AIM OF THE TASK — The entries that follow include a run beginning at the line with "bring greenery into attic bathrooms" and ending at the line with "Black raglan long"; restate that run word for word and leave the rest out.

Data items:
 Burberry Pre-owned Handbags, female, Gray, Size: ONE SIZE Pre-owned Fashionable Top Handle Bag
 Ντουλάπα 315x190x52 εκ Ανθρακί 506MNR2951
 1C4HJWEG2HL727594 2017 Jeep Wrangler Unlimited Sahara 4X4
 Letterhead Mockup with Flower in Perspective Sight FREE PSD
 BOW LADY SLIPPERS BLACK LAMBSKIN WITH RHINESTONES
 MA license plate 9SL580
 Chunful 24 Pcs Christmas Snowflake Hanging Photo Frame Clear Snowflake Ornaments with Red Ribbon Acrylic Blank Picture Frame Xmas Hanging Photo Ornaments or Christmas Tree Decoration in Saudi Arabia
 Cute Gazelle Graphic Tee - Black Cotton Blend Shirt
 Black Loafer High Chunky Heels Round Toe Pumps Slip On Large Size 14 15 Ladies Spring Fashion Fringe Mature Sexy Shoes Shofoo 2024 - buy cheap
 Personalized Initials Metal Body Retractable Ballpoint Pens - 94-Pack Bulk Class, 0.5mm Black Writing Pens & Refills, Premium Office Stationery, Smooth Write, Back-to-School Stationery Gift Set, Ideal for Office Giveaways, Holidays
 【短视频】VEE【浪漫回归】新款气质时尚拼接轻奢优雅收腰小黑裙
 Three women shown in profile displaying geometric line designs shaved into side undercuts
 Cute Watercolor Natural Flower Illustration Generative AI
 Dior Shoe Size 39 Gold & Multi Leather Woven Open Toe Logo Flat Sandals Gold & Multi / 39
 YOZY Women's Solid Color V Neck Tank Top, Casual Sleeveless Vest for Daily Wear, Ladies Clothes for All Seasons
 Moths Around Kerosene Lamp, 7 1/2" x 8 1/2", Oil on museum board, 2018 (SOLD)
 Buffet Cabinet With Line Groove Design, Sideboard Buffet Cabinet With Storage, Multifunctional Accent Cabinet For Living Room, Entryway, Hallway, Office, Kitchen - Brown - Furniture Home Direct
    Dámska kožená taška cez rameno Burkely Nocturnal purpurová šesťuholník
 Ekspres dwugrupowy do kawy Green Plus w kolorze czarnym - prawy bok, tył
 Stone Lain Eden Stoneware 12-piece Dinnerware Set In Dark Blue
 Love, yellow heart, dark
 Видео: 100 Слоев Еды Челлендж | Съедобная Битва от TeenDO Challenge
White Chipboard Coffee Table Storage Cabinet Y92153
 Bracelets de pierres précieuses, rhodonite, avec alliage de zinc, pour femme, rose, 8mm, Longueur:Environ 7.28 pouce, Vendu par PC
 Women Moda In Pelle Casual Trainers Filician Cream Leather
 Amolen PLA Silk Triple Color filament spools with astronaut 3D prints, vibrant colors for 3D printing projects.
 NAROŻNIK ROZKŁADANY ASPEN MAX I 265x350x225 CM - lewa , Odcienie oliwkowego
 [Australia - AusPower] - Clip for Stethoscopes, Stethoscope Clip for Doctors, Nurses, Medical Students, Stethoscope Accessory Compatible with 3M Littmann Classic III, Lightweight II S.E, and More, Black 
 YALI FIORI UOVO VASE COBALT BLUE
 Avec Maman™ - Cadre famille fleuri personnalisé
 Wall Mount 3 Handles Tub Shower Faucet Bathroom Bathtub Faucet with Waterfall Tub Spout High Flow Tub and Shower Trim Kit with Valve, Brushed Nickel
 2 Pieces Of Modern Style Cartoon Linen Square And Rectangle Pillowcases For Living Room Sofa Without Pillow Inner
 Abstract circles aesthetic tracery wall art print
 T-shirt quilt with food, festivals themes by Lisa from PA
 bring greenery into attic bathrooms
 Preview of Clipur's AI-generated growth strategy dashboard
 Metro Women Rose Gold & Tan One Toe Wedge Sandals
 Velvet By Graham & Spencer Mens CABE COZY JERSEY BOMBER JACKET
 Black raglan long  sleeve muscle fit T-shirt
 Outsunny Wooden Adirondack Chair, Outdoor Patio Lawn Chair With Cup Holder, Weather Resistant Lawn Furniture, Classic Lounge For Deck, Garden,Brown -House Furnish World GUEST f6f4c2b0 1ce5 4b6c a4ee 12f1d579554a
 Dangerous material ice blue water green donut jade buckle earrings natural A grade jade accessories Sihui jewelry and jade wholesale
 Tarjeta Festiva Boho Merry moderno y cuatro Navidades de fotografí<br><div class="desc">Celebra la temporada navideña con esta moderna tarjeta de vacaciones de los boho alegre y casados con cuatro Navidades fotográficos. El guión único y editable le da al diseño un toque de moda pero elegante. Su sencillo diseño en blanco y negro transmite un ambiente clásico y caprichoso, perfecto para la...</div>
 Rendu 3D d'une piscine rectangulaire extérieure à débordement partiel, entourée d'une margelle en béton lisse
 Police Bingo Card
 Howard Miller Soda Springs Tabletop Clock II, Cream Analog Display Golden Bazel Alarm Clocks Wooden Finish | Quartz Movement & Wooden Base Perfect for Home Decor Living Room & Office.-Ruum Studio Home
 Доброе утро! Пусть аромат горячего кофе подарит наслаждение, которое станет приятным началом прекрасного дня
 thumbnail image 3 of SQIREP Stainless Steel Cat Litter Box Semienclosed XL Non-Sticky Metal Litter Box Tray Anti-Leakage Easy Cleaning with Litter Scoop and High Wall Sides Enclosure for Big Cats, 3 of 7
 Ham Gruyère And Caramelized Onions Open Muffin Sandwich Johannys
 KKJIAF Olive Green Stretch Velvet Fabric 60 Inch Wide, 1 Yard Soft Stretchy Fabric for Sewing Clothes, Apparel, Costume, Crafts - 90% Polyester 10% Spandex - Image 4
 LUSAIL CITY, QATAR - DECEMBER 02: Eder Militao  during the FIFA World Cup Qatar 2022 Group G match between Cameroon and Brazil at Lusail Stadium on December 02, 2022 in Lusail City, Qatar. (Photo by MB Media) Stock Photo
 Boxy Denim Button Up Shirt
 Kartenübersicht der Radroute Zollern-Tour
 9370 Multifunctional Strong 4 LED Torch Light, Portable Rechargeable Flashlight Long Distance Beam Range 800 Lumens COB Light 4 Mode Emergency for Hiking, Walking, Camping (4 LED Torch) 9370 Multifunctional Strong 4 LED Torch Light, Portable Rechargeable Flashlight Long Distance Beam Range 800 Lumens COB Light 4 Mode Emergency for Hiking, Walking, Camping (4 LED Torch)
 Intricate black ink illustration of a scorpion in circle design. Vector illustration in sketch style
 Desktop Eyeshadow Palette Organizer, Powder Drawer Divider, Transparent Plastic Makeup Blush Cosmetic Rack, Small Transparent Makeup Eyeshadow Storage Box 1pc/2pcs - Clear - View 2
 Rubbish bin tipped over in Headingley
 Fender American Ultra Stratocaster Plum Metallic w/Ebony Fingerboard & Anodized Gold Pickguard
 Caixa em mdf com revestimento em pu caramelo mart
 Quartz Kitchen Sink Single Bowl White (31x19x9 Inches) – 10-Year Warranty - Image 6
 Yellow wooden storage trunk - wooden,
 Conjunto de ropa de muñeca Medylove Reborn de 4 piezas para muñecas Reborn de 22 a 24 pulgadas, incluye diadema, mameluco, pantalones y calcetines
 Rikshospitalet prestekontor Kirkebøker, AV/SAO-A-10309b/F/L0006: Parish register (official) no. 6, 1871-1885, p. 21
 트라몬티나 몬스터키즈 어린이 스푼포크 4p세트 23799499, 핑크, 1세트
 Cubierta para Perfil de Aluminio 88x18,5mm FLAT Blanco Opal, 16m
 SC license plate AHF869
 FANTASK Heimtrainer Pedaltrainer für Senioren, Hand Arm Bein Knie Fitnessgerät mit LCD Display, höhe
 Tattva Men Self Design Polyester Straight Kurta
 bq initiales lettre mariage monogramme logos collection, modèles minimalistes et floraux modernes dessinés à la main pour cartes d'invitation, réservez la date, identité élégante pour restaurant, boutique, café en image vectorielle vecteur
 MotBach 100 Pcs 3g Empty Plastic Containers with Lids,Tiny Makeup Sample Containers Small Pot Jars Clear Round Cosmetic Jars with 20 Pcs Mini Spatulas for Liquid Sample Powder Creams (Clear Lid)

WRITTEN ANSWER —
 bring greenery into attic bathrooms
 Preview of Clipur's AI-generated growth strategy dashboard
 Metro Women Rose Gold & Tan One Toe Wedge Sandals
 Velvet By Graham & Spencer Mens CABE COZY JERSEY BOMBER JACKET
 Black raglan long  sleeve muscle fit T-shirt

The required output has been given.